Yes, but then you will have to inform all the users about the encoding 
used when you have saved the java file. And trust me, people in Korea 
are not using ISO8859-1 encoding, and have no idea what can be a "ä"... 
The reverse is also true :)
Using the -encoding X is overkilling, IMHO. It's much more preferable to 
declare those special chars using the '\uxxxx' notation, or for 
international strings, to use and external property files, with all the 
foreign languages if needed (_FR, _DE, .. proerty files).

>
> You can create your source code with ISO-8859-1, and safely compile it
> without the encoding option while your platform encoding is
> ISO-8859-1. The special characters will be converted to safe Java
> UTF-16 forms. But if you send it to me, and if my platform encoding is
> ISO-8859-9 (Turkish), and if I compile it with just javac (no encoding
> option), the strings will be malformed (but will still compile). If I
> give the option -encoding ISO-8859-1 to the compiler, there will be no
> problem. There is still no problem related to UTF-8 here.

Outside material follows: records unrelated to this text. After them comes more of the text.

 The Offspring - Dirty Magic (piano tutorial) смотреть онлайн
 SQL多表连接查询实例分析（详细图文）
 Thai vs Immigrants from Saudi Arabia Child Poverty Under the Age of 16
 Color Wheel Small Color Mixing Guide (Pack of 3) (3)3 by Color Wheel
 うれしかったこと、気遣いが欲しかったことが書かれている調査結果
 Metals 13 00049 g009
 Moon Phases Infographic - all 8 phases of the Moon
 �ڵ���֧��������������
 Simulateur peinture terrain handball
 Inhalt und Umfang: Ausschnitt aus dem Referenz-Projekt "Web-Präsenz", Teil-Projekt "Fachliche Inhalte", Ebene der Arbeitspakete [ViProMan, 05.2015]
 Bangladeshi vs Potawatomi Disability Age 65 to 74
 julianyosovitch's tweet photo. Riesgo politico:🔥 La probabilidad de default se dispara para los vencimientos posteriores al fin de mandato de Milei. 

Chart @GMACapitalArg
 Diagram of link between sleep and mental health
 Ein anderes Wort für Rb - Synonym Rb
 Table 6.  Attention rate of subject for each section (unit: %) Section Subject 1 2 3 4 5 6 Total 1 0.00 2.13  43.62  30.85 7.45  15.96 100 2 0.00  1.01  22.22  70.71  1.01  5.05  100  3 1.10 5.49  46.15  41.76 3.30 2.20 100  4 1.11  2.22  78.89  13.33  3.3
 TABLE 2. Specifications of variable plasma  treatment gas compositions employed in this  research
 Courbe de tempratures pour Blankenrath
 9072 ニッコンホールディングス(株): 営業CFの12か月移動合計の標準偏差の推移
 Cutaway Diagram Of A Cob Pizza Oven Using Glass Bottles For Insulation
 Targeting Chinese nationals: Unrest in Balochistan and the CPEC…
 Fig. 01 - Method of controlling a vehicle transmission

I didn't say that there were a pb with UTF-8. UTF-8 is just a way to 
encode Unicode using bytes. But, yes, you are right, given that you 
_know_ that I have used ISO-8859-1 encoding to write my file, then you 
just have to use -x ISO-8859-1 flag to compile it on your platform. But 
I hope you know which encoding is using Trustin, or any other people in 
the world not living in western europ or USA :) A little bit cumbersome, 
isn't it ?

Whatever, this should not be a problem for us. Again, if you have to use 
special chars in your code, use '\uxxxx' notation, for the good of all 
other people. If it's for messages, then I18n is you friend. And 
whatever encoding your file (ISO-8859-1 or -2 or -xxx) will be ok so 
far, as you will just use US ASCII chars, so -X encoding flag will be 
useless ;)

oh, btw, Unicode is really a mess, did I already said that ? :)

Emmanuel

Re: UTF-8 woes

Posted by Ersin Er <er...@gmail.com>.
On 12/29/06, Emmanuel Lecharny <el...@gmail.com> wrote:
> Ersin Er a écrit :
>
> > On 12/29/06, Emmanuel Lecharny <el...@gmail.com> wrote:
> >
> >> AAAAAAHHHHHhhhh ! (Or is it \C3\C3\C3\C3\C3\C3HHHHHhhhh ? :)
> >>
> >> You will have to be a little bit more explicit... How do you build
> >> your RDN?
> >> FYI, it is supposed to be a UTF-8 encoded String, so if you are to
> >> code an
> >> ä, you will have to :
> >> - create a byte array containing it's counterpart (0xC3 0xa4) and do
> >> a new
> >> String( byteArray, "UTF-8" ) before passing it to the RDN constructor
> >> - OR do a new RDN( "\u00e4" );
> >>
> >> never do a new RDN( "ä" ), because then the String will be considered as
> >> ISO-8859-1 encoded  string (at least in Germany or in France, not in
> >> Turkey
> >> :)
> >
> >
> > What is the difference between creating an RDN with new RDN( "ä" ) and
> > with new String( new byte[] { 0xC3, 0xa4 }, "UTF-8" ) ?
>
> There is a _big_ difference, because your java file might have been
> saved using a ISO-8859-1 encoding. new RDN( "ä" ) just use the default
> encoding of your computer to store the file, and inside this file you
> have this "ä". There is no guarantee at all that it will be correct when
> you transform the string to UTF-8 bytes on another computer, using a
> different encoding. Using new String( new byte[] { 0xC3, 0xa4 }, "UTF-8"
> ) tells the compiler that the bytes are UTF-8 encoded (and UTF-8 =
> unicode encoded using bytes), and then it helps to translate the String
> to UTF-16. Of course, using \u00e4 should be the prefered way if you are
> to use internal Strings like "This is an umlaut : \u00e4" in your java file.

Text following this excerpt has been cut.